● WHAT YOU NEED TO DO
An exact copy of all the data, minus the images, is required.

● DATA SEGMENT
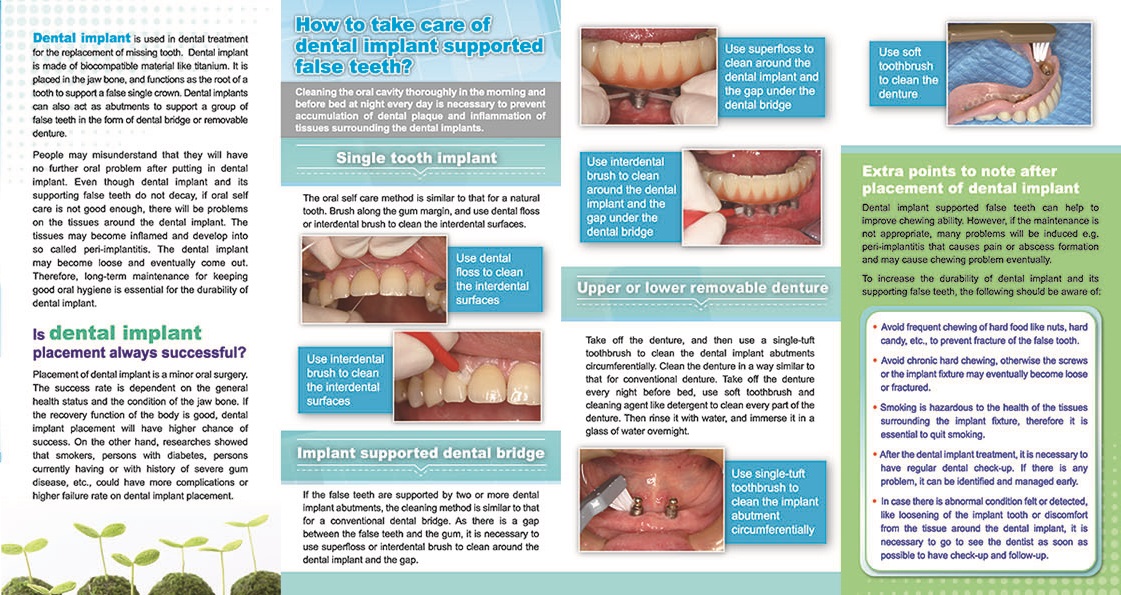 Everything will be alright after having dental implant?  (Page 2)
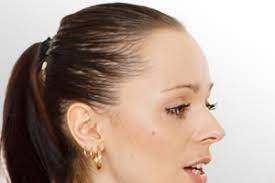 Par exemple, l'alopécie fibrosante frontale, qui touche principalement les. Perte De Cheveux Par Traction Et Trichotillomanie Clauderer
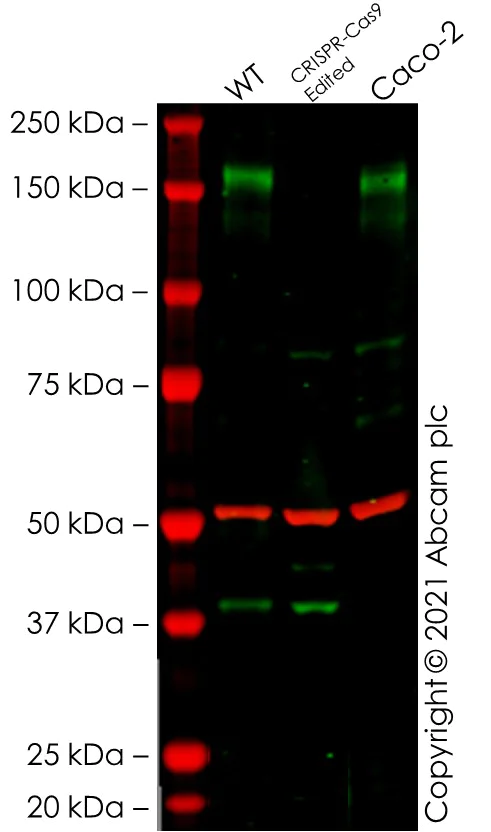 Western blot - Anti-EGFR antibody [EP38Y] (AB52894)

● WORKED SOLUTION
 Everything will be alright after having dental implant?  (Page 2)
 Par exemple, l'alopécie fibrosante frontale, qui touche principalement les. Perte De Cheveux Par Traction Et Trichotillomanie Clauderer
 Western blot - Anti-EGFR antibody [EP38Y] (AB52894)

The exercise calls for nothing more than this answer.